Legambiente, inoltre, ha in più occasioni rimarcato come questo progetto, così come esposto nella “sintesi non tecnica” dello Studio di Impatto Ambientale di Powercrop, risulta inaccettabile per le dimensioni che propone e per le gravi lacune che presenta nell’illustrare l’articolazione della filiera di alimentazione della centrale e gli usi energetici finali.
La potenza della centrale proposta (93 MW termici), infatti, implica grosso modo una fornitura annua di circa 170.000 tonnellate di sostanza secca, ovvero 270.000 tonnellate di legna vergine (umidità al 40%).
“In un ottica di micro impianti – dichiara Luzio Nelli, responsabile Agricoltura Legambiente Abruzzo – l’alimentazione di un impianto a biomasse dovrebbe provenire in parte da colture dedicate e in parte da residui forestali, rispettando i principi della filiera corta e, quindi, all’interno di un raggio di 70 km dall’impianto.

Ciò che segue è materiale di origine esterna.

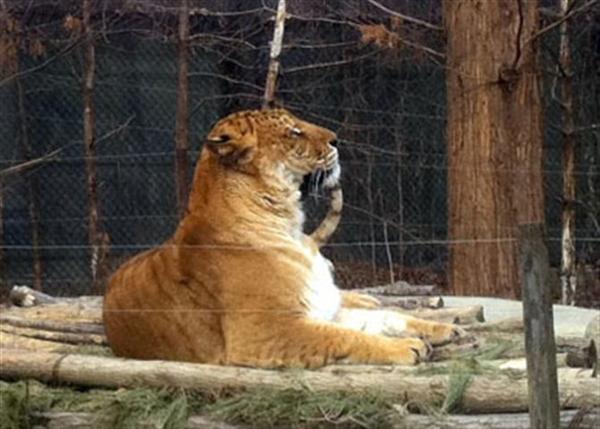 Liger in Korean Zoo Watching other Tigers in the preserve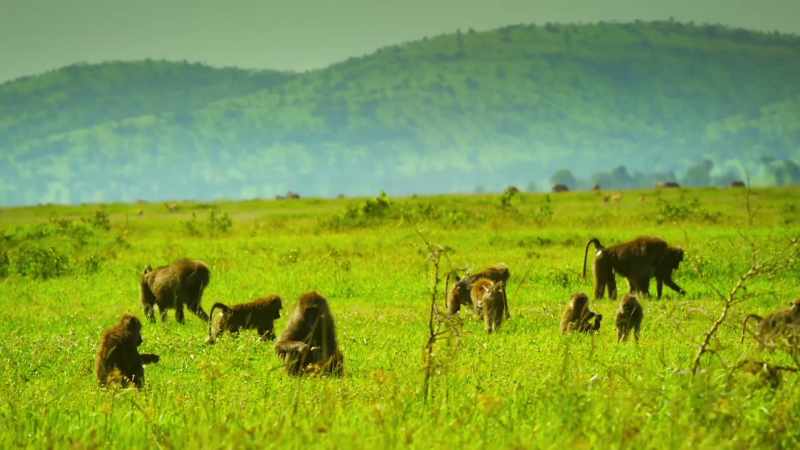 With food abundant, everyone soon relaxes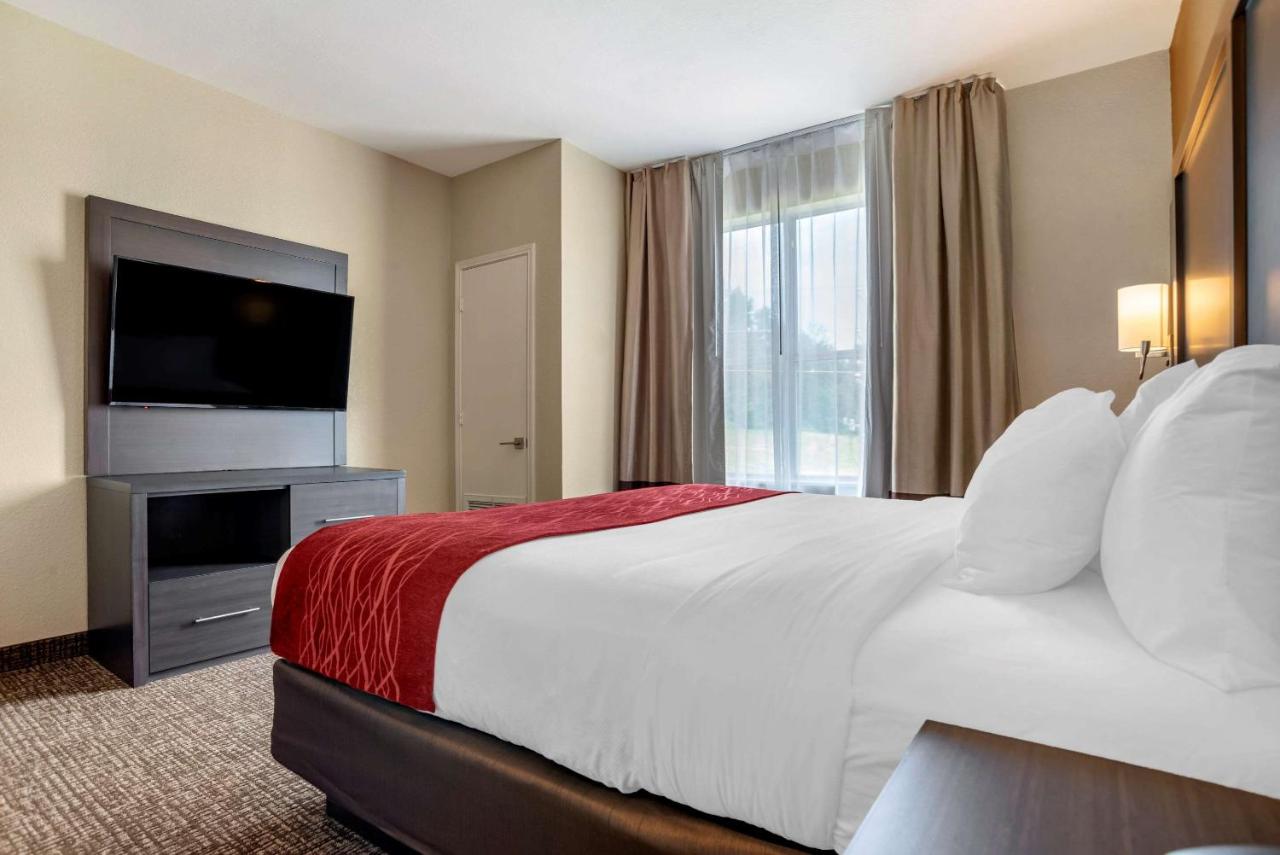 King Suite with Sofa Bed - Non-Smoking at Comfort Inn & Suites Millbrook - Prattville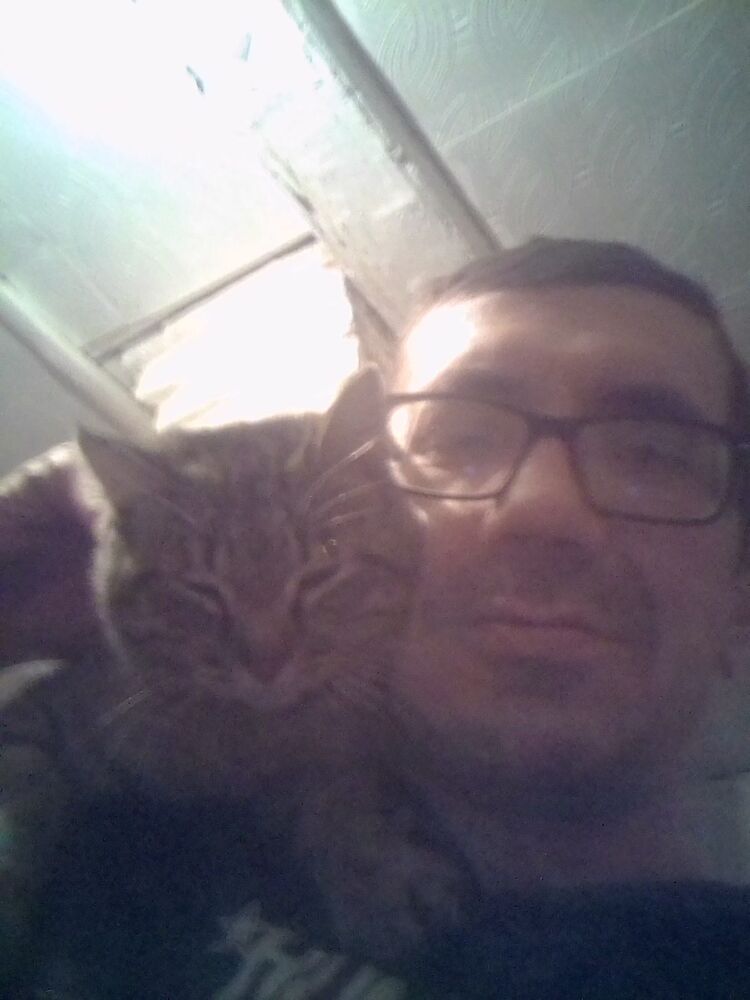 ���� 24931026 ������� ����, 44 ����, ���� ���������� � ���������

Dati alla mano, il territorio non è in grado di soddisfare i bisogni dell’impianto Powercrop, perché occorrerebbe almeno un areale di circa 80 mila ettari di bosco. Inoltre mancano gli accordi di filiera e nessun cenno viene fatto in riferimento al prezzo di remunerazione per gli agricoltori”. Dubbi anche sull’impiego di tutto il calore prodotto, in gran parte dedicato alla produzione di vapore per la turbina da 30 MW di generazione di elettricità e per il resto si parla di un “eventuale” utente industriale. “L’auspicio – dichiara Giuseppe Di Marco, presidente di Legambiente Abruzzo – è che si tenga conto di tutte le criticità emerse e si scongiuri la realizzazione di questo impianto. E’ evidente che ci troviamo di fronte al progetto di un impianto insostenibile per il nostro territorio.
La sua dimensione è tale da travolgere negativamente tutto il sistema agri-ecologico e l’agricoltura di qualità della valle del Fucino. Altresì, ribadiamo l’invito alla Regione Abruzzo sulla necessità di precisare i principi da adottare per valutare la sostenibilità di un impianto a biomasse e fermare gli interventi speculativi.
Centrali sono: la filiera corta, per evitare l’utilizzo di biomasse di provenienza estera e, comunque, esterna all’area territoriale di ubicazione degli impianti, senza garanzie di tracciabilità e di uso corretto del suolo; la piccola dimensione degli impianti, che deve essere tarata sulla disponibilità complessiva di biomassa locale, tenendo conto anche di altri impianti presenti o previsti nell’area interessata; gli standard di rendimento, in modo da favorire la cogenerazione, ossia la produzione sia di energia elettrica sia di calore, contribuendo a soddisfare i fabbisogni locali anche con calore da utilizzare per utenze industriali, attività o reti di teleriscaldamento degli edifici.”